PHOTOGRAPHY BY GAYLETTER
25hours Hotel Bikini Berlin
Berlin's hotel of the hour.
Previously, when I thought of the Berlin Zoo, my first association was the scenes from Christiane F. – We Children from Bahnhof Zoo where 14 year old Christiane and her boyfriend turn tricks for heroin at the Bahnhof Zoo station. Well, that, and the Helmut Newton Foundation, which is on the opposite side of the tracks across from the actual zoo for which the station is named.
Today I have a few more associations, which are decidedly less bleak than those relating to Christiane F. I recently stayed in a delightful room overlooking the Zoo at the 25hours Hotel Bikini Berlin. The hotel is the most recent property from the Hamburg-based 25hours Hotel chain. It is located in the newly renovated Bikini Haus, a modernist complex built in the 1950s along the edge of the Berlin Zoo. The Bikini Haus, which got its name because the top and bottom structures are separated by an open-air floor between, now houses a shopping center and restaurants in addition to the hotel.
The location is a bit surprising for a hip hotel in Berlin. It’s in the west, near affluent Charlottenburg and spots like KaDeWe, far from the grit and decay of eastern neighborhoods like Kreuzberg, Friedrichshain or Neukolln that epitomize the city’s “poor but sexy“ moniker. Of course, with Berlin’s public transport you can quickly ride over to those neighborhoods at any time. But the area around the hotel is worth reconsidering. In addition to the previously mentioned Helmut Newton Foundation and Zoo, the area has several other institutions that merit a visit. Adjacent to the Bikini shopping center is the newly renovated Art Deco Zoo Palast Cinema, which was hosting screenings of the Berlin International Film Festival while I visited.
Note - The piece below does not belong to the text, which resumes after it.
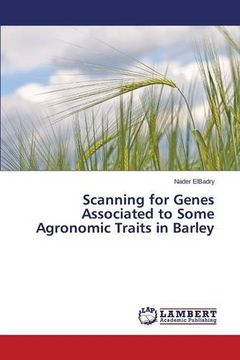 portada Scanning for Genes Associated to Some Agronomic Traits in Barley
Located a few blocks further west is the Amerika Haus, a modernist building originally opened in 1957 as a center for Germans to learn about American culture, which now holds exhibitions of photography and visual media by C/O Berlin.
Even with all that culture calling you out, you may not want to leave your room. The hammock in mine overlooking the zoo was a perfect place to perch and scope out the monkeys and pelicans below. Add to that the beautiful sauna and sumptuous yet healthy food of the rooftop restaurant, and you may never want to leave the premises at all. The hotel is fantastically designed, with an immaculate attention to detail. Every inch of the rooms and common areas have been carefully engineered to match the hotel’s “urban jungle” theme. The lush, verdant look was created by local designer Werner Aisslinger, who cleverly drew on the hotel’s proximity to the zoo to craft a space that feels both wild and domestic.
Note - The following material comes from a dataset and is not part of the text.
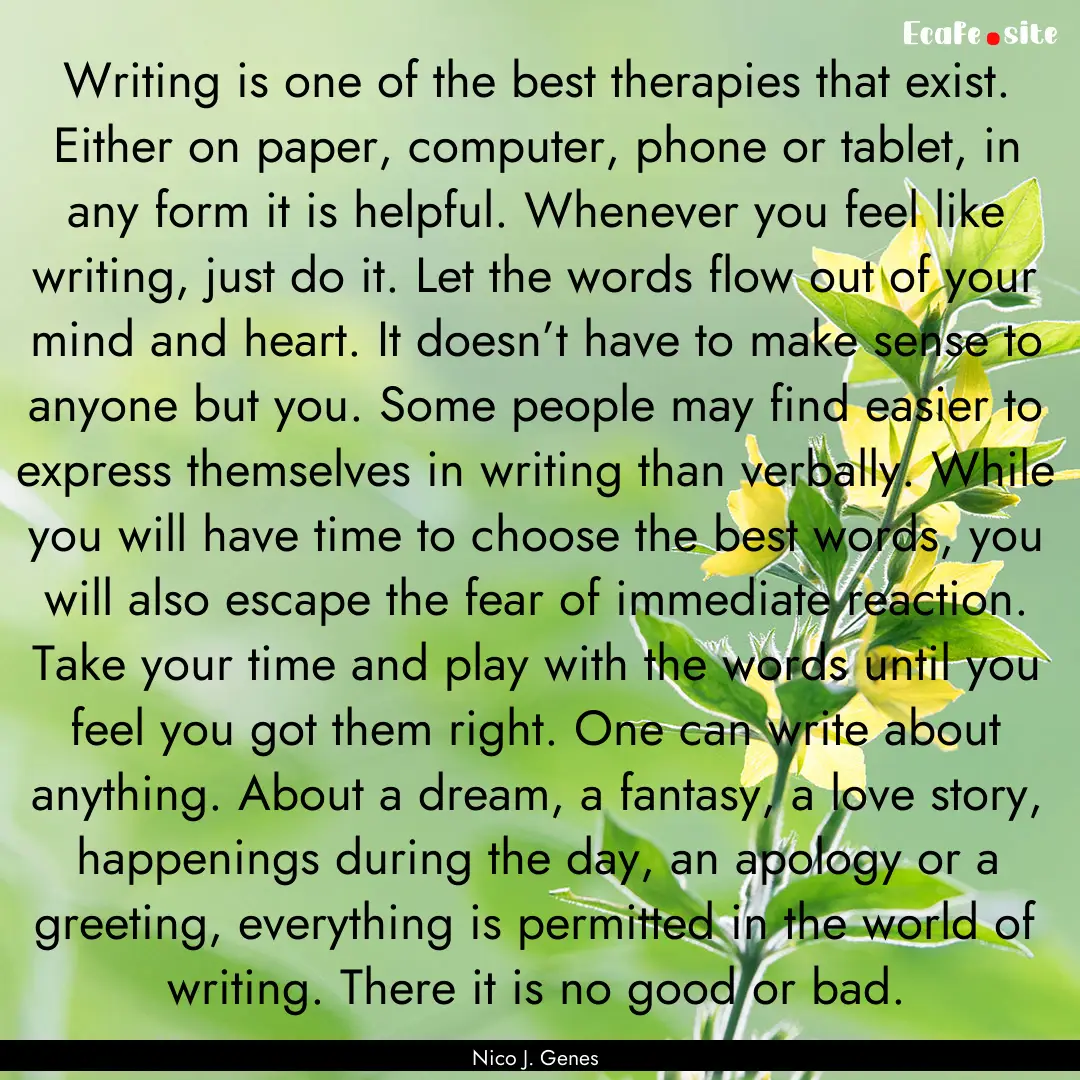 Writing is one of the best therapies that.... : Quote by Nico J. Genes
The reception desk is staffed by helpful young Berliners
There’s a cute gift shop in the lobby, perfect for finding something for your friends back home. I brought the GAYLETTER family some cute soaps handmade in Berlin.
The lobby’s cafe is a great spot to grab breakfast to-go or sit and browse through the art books on display.
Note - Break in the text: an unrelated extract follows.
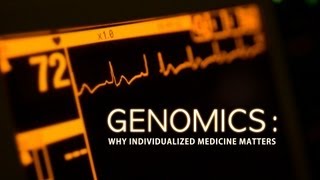 Genomics: Why Individualized Medicine Matters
This huge hammock in the lobby is perfect for lounging and watching the monkeys.
The elevator’s walls are video screens playing a trippy loop of surreal images.
On the opposite side of the zoo are views of the urban skyline.
Sleek black hallways extend from common areas teeming with life. My room number was 909, an auspicious number: 909 was the area code of my childhood phone number.
I loved the design of my room and its views of nature. The comfy hammock got a lot of use during my stay.
It was like a visit to the zoo without leaving the comfort of your own room – throughout my trip I heard the hoots and bellows of baboons (though fortunately, never at night). While the hotel’s vibrance cut through some of the legendary gloom of Berlin, if you’re looking to enjoy the zoo view you’ll be better off visiting in spring or summer, when the plant life of the zoo and Tiergarten are less dead and grey.
Rooms are stocked with ecologically focused toiletries from Stop the Water While Using Me!
The hotel’s sauna is a wonderfully tranquil spot to relax and warm up. For a small fee, you get access to the sauna, use of sandals and a robe, as well as complimentary tea, soda, beer and snacks in the sauna area.
To conclude, this isn’t Christiane F.’s Zoo anymore. Nor is this the Zoo of the 1990s, where new arrivals from the East shelled out 99 marks for their uniforms of leather jackets, acid washed jeans, and tennis shoes. Instead, you can drop in to the Berlin-based eyewear manufacturer Mykita‘s boutique and pick up a pair of Mykita X Maison Martin Margiela sunglasses for a little over 500$. This isn’t the utopic outburst of underground DIY activity chronicled in Der Klang Der Familie, Felix Denk and Sven von Thülen’s recently translated oral history of Berlin’s techno scene in the early 1990s. But it is Berlin now, at this hour; without any self-righteous nostalgia.
The 25hours Hotel Bikini Berlin, Budapester Strasse 40; +49-30-120-2210; 25hours-hotels.com. Rooms from 120 Euros.